Louis VI succède à Philippe Ier en 1108 : son obésité lui vaudra auprès de ses contemporains comme de la postérité le surnom de "Louis le Gros". Son activité débordante et son énergie l'ont également fait surnommer "Louis qui ne dort".

Il tentera durant son règne de 1108 à 1137 d'imposer le prestige de la monarchie aussi bien à l'intérieur de son royaume (comme ses prédécesseurs) que dans l'Europe chrétienne :

  • Il entre en conflit avec les petits seigneurs qui contestent son pouvoir en Ile-de-France en se comportant comme des châtelains brigands : il s'impose face à ces vassaux non respectueux en occupant leur territoire et en faisant détruire leurs donjons. Parmi eux, on peut citer le sire de Montlhéry, Hugues du Puiset (contre qui son père s'était fait humilier en 1081) ou la famille des Coucy.
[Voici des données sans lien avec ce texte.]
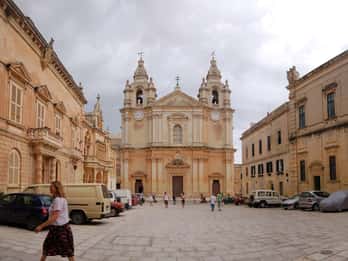 Mdina: Entrada a la Catedral de San Pablo y al Museo de Mdina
Construit par les puissants seigneurs de Coucy, le donjon est alors l'un des
plus grands du royaume et défie l'autorité royale : il mesurait 54 m de haut et ses
murs avaient une épaisseur de 7m50 à leur base. Hélas, il ne résistera
pas à la 1ère Guerre Mondiale : il sera dynamité par les Allemands en 1917 !

  • Il défend son royaume face à une tentative d'invasion de la part du puissant empereur d'Allemagne Henri V qui se dirige vers Reims. Il rassemble, en usant du droit de l'ost royal, les chevaliers de son royaume en 1124 pour lui barrer la route. Pour la 1ère fois était levée l'oriflamme et retentissait le cri de guerre : "montjoie Saint-Denis". Il s'agit de la première manifestation, certes modeste, d'unité nationale autour d'un roi capétien.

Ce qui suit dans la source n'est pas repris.